--- Your task ---
Leaving out the pictures, output the lines from the one that contains "Дизайнерский журнальный стол" through the end of the material, exactly as they stand.

--- Recorded information ---
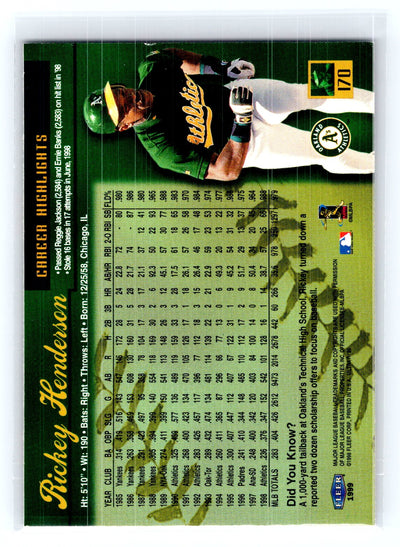 1999 Ultra #170 Rickey Henderson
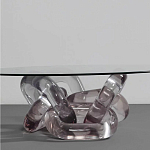 Дизайнерский журнальный стол с круглой прозрачной столешницей и основанием в виде цепи Hua Wang варинант исполнения - 1 | Loft Concept в Екатеринбурге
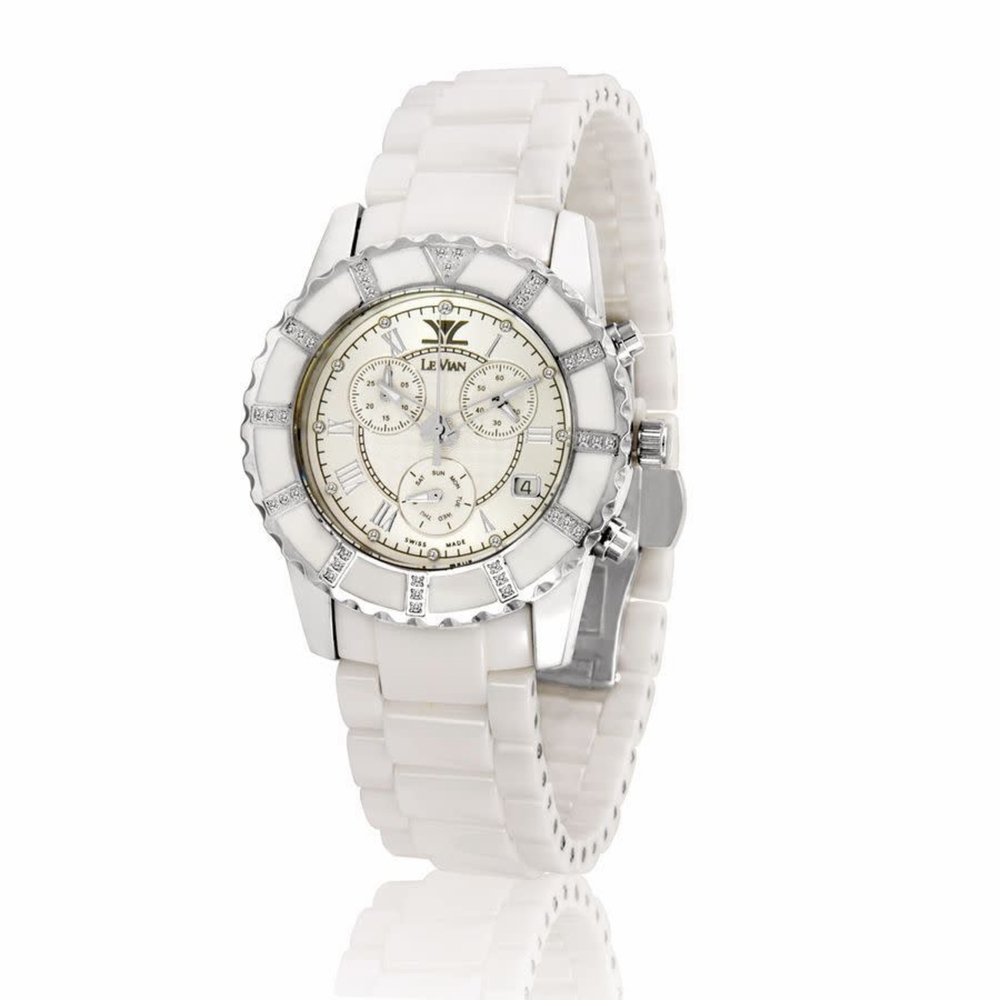 Le Vian Ceramic Chronograph Quartz White Dial Ladies Watch  display picture 1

--- Your solution ---
 Дизайнерский журнальный стол с круглой прозрачной столешницей и основанием в виде цепи Hua Wang варинант исполнения - 1 | Loft Concept в Екатеринбурге
 Le Vian Ceramic Chronograph Quartz White Dial Ladies Watch  display picture 1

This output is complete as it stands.